EXERCISE BRIEF – Extract the lines beginning at the one that holds "And then there's" and ending at the final line of the material below, keeping them exact and leaving out all pictures.

INPUT RECORDS –

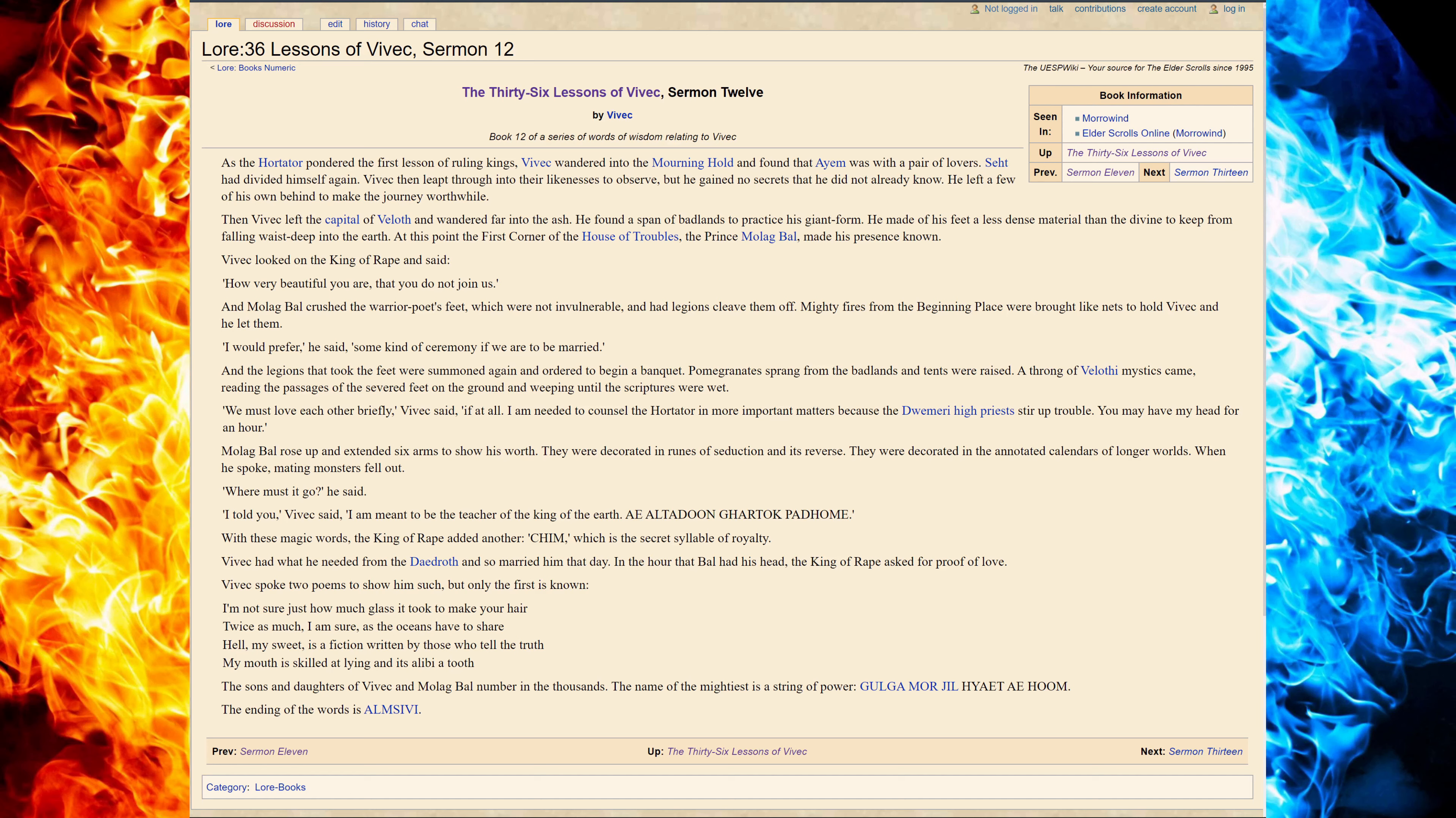In the hour that Molech Baal had his head, the King of Rape asked for proof of love. Vivec spoke of two poems to show him such, but only the first is known. I am not sure just how much glass it took to make your hair.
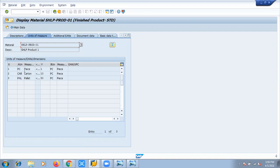This product is a piece type and 10 such pieces can get accommodated into a carton, and 50 such pieces can get accommodated into a pallet, which simply means that one pallet can accommodate five cartons and one carton can accommodate 10 pieces. This is how the definition is already set up at the product level — the basic unit of measure is defined here first.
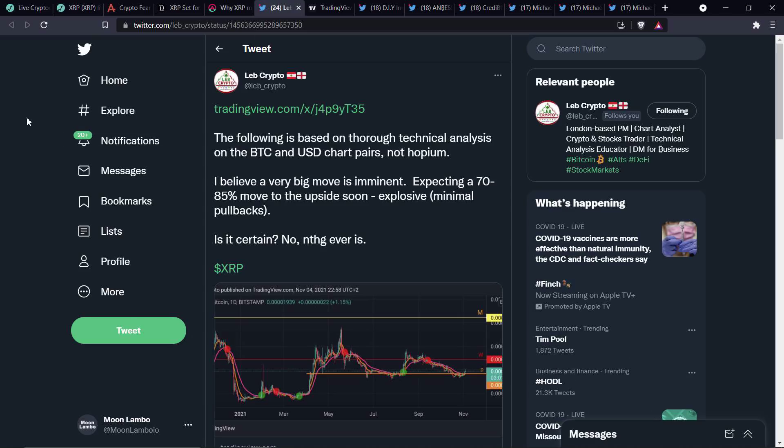And then there's this from chart analyst Leb Crypto. The following is based on thorough technical analysis on the Bitcoin and USD chart pairs, not hopium. I believe a very big move is imminent. Expecting a 70 to 85% move to the upside soon. Explosive. Minimal pullbacks.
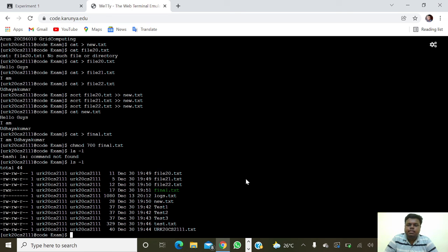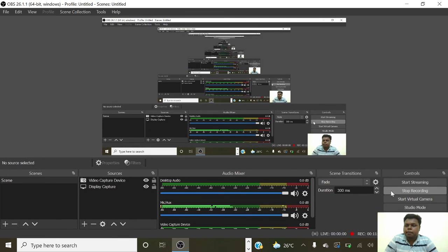That's all guys, thanks for watching. These are the commands of basic Unix.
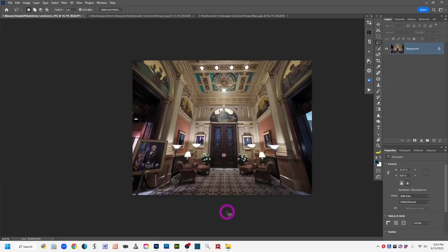Hi, this is Robin, and this video is going to be about correcting perspective in photographs using Photoshop. This part one video is specifically focused on architecture and buildings.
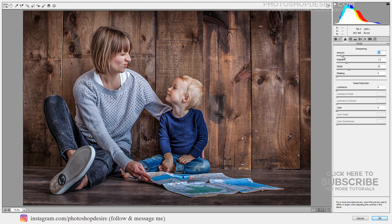The Camera Raw filter offers some real benefits to Photoshop users. One is that you can use the filter to sharpen an image and take advantage of the masking slider when sharpening in Camera Raw. This lets you limit the areas of the image which are sharpened to just the edges, and not areas of flat color.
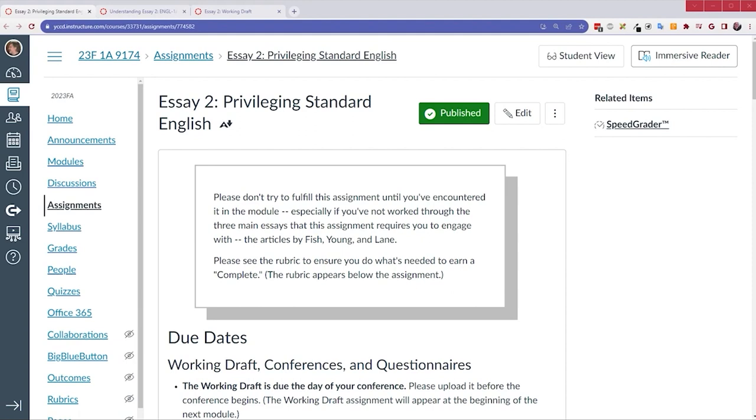As I did with the first essay, I want to point out a few things about this second essay assignment. Hopefully this will clarify what I'm looking for. But before I do, I want to remind you of a couple things. I talked about this in the Closer Look video for the first essay, so I'll keep it brief, but I think it's worth repeating.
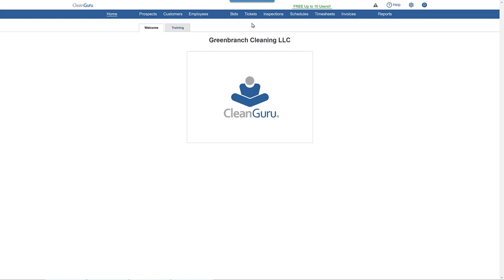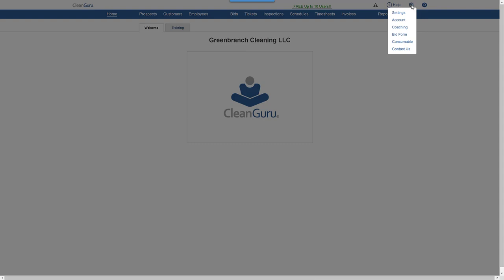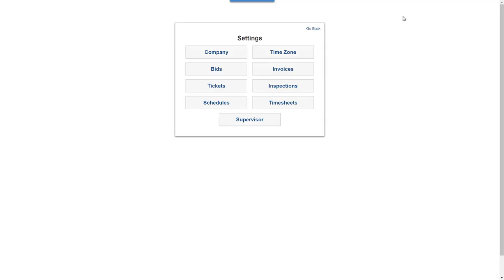Simply click on the gear symbol in the upper right. Select Settings, then Schedules.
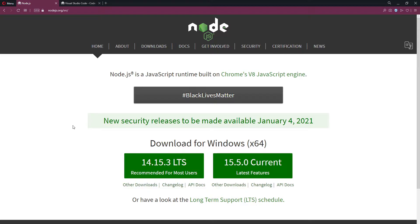I'll leave the link in the description to make it really easy for you to find. On this page, you'll see 'Download for' and then your machine — in my case it's Windows, in your case it might be Mac. It's available for each one. Where it says 'Recommended for most users', you want to click that button and then go through all the prompts to get it installed.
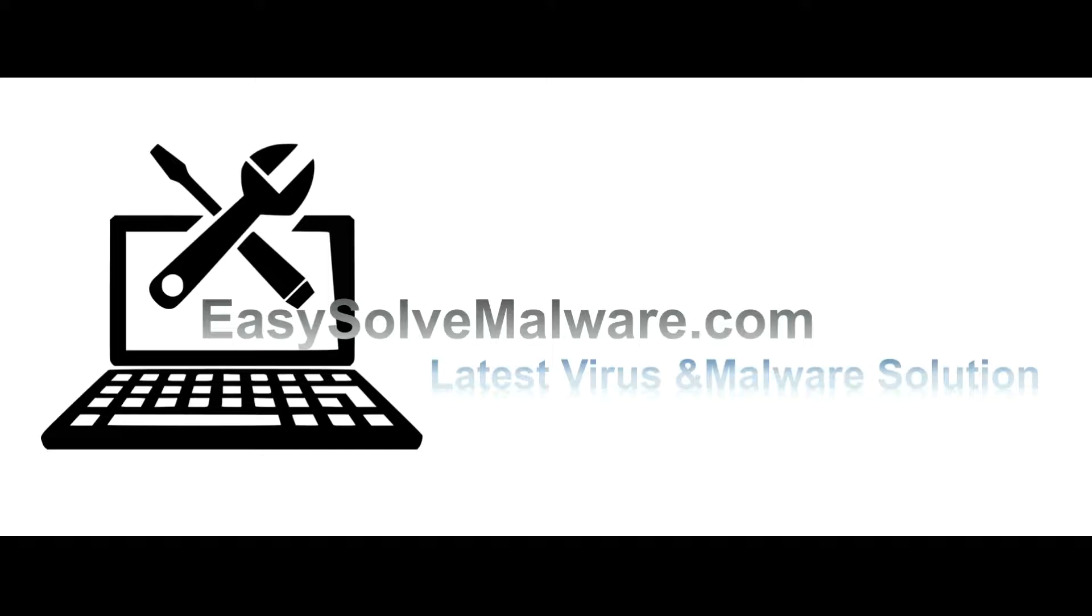That's all. Thank you for watching the video from EasySolveMalware.com. We hope it solves your problem.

ANSWER BELOW –
And then there's this from chart analyst Leb Crypto. The following is based on thorough technical analysis on the Bitcoin and USD chart pairs, not hopium. I believe a very big move is imminent. Expecting a 70 to 85% move to the upside soon. Explosive. Minimal pullbacks.
That's all guys, thanks for watching. These are the commands of basic Unix.
Hi, this is Robin, and this video is going to be about correcting perspective in photographs using Photoshop. This part one video is specifically focused on architecture and buildings.
The Camera Raw filter offers some real benefits to Photoshop users. One is that you can use the filter to sharpen an image and take advantage of the masking slider when sharpening in Camera Raw. This lets you limit the areas of the image which are sharpened to just the edges, and not areas of flat color.
As I did with the first essay, I want to point out a few things about this second essay assignment. Hopefully this will clarify what I'm looking for. But before I do, I want to remind you of a couple things. I talked about this in the Closer Look video for the first essay, so I'll keep it brief, but I think it's worth repeating.
Simply click on the gear symbol in the upper right. Select Settings, then Schedules.
I'll leave the link in the description to make it really easy for you to find. On this page, you'll see 'Download for' and then your machine — in my case it's Windows, in your case it might be Mac. It's available for each one. Where it says 'Recommended for most users', you want to click that button and then go through all the prompts to get it installed.
That's all. Thank you for watching the video from EasySolveMalware.com. We hope it solves your problem.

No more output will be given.